=== Supplied entries ===
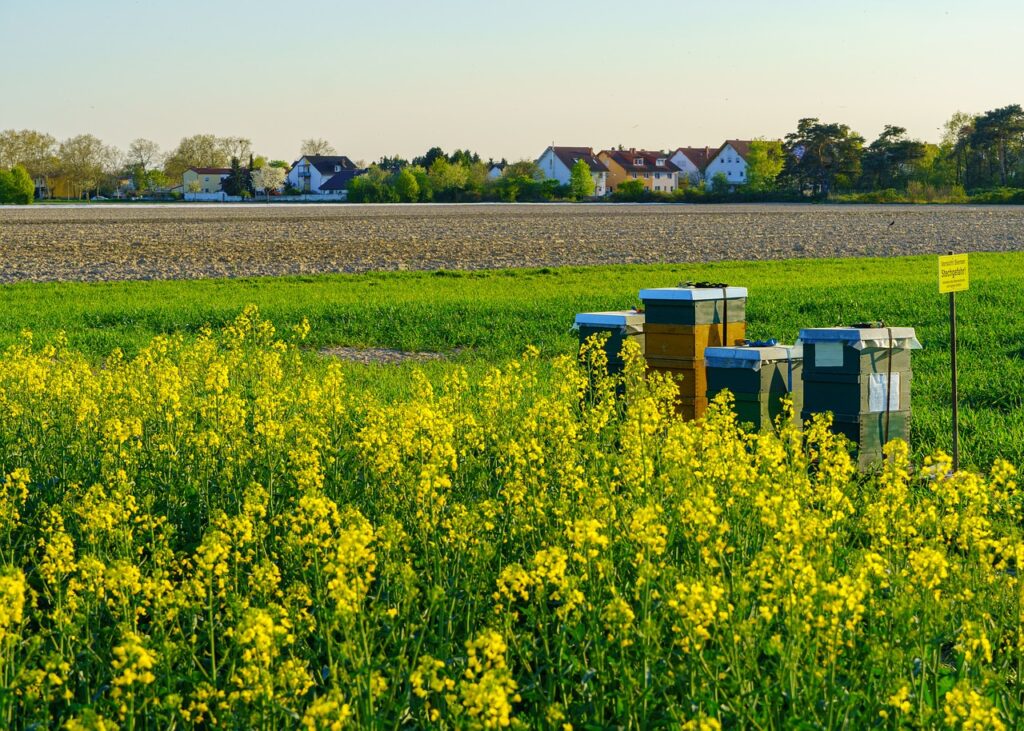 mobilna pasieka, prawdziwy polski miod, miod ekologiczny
===
=== Supplied entries ===
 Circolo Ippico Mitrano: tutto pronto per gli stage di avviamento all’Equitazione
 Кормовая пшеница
===
=== Supplied entries ===
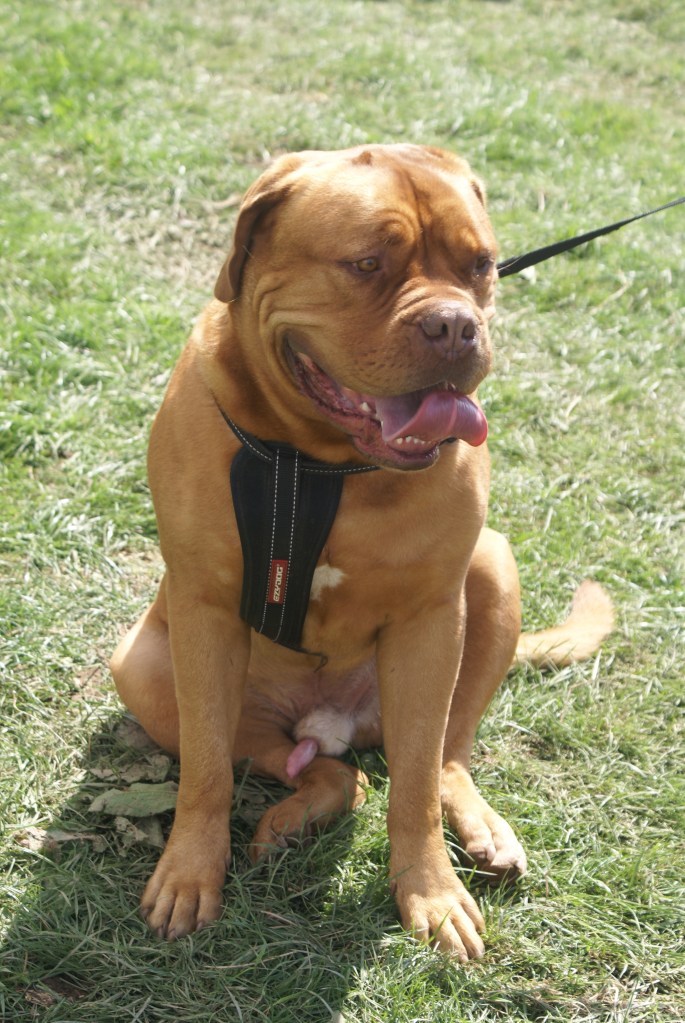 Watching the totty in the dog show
===
**What you need to do**. Above are the entries. Copy exactly the part that opens with the line containing "Circolo Ippico Mitrano: tutto" and closes with the line containing "Кормовая пшеница", and no more.

**Completed exercise**.
 Circolo Ippico Mitrano: tutto pronto per gli stage di avviamento all’Equitazione
 Кормовая пшеница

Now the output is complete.